== DATA SEGMENT ==
○ ○ ○
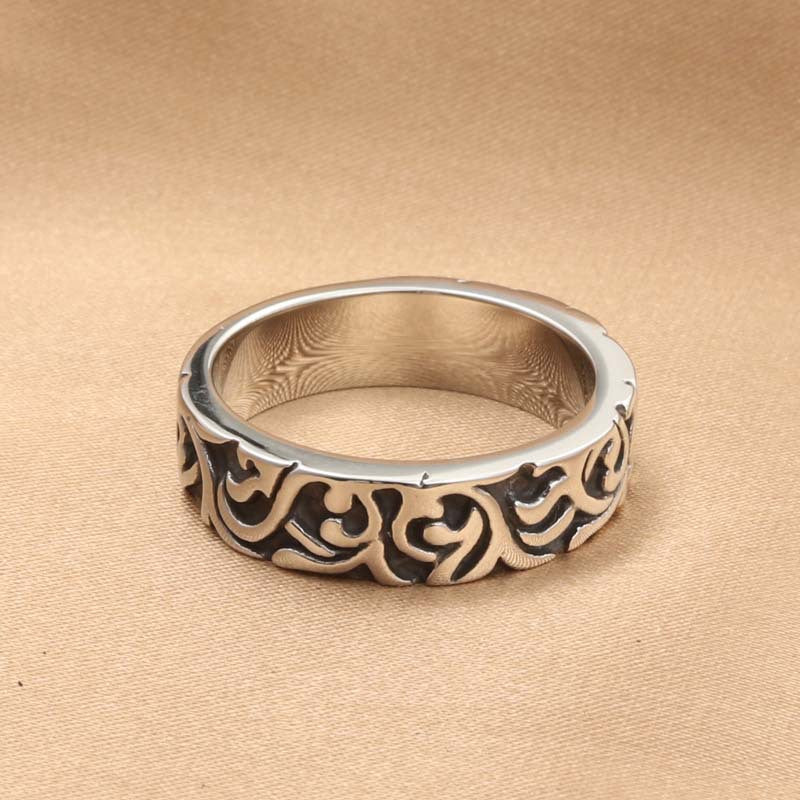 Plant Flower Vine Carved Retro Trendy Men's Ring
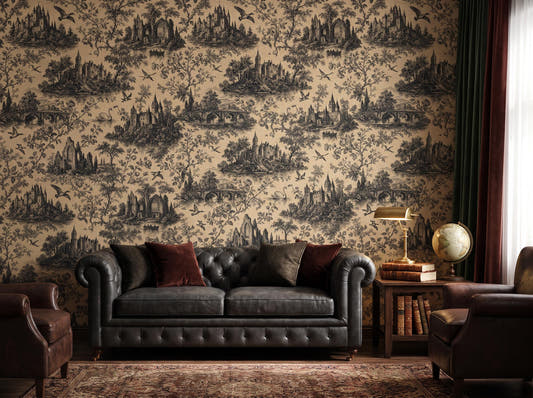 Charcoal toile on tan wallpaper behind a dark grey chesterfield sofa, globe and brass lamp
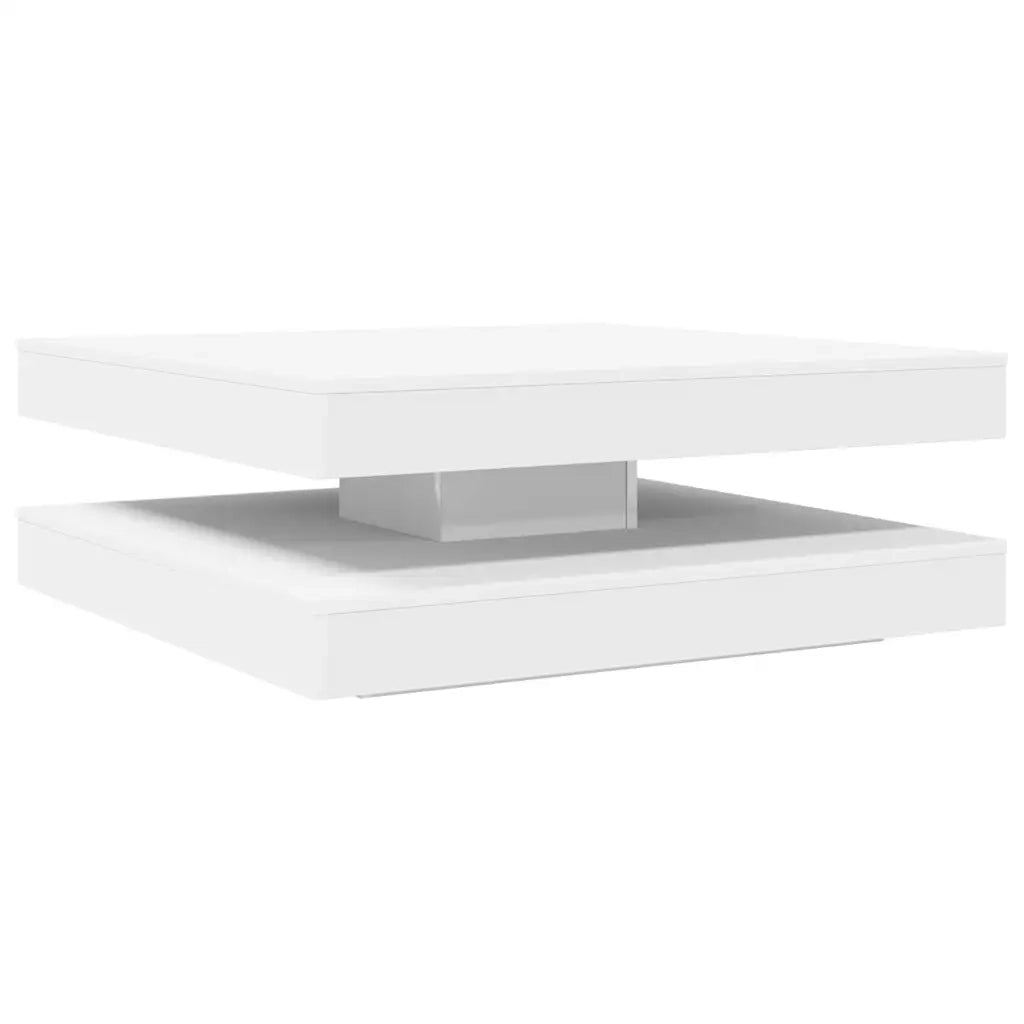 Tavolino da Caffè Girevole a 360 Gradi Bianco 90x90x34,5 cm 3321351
○ ○ ○
== TASK GOAL ==
Apart from the pictures, every line of the material above is to be returned word for word.

== COMPLETED TASK ==
 Plant Flower Vine Carved Retro Trendy Men's Ring
 Charcoal toile on tan wallpaper behind a dark grey chesterfield sofa, globe and brass lamp
 Tavolino da Caffè Girevole a 360 Gradi Bianco 90x90x34,5 cm 3321351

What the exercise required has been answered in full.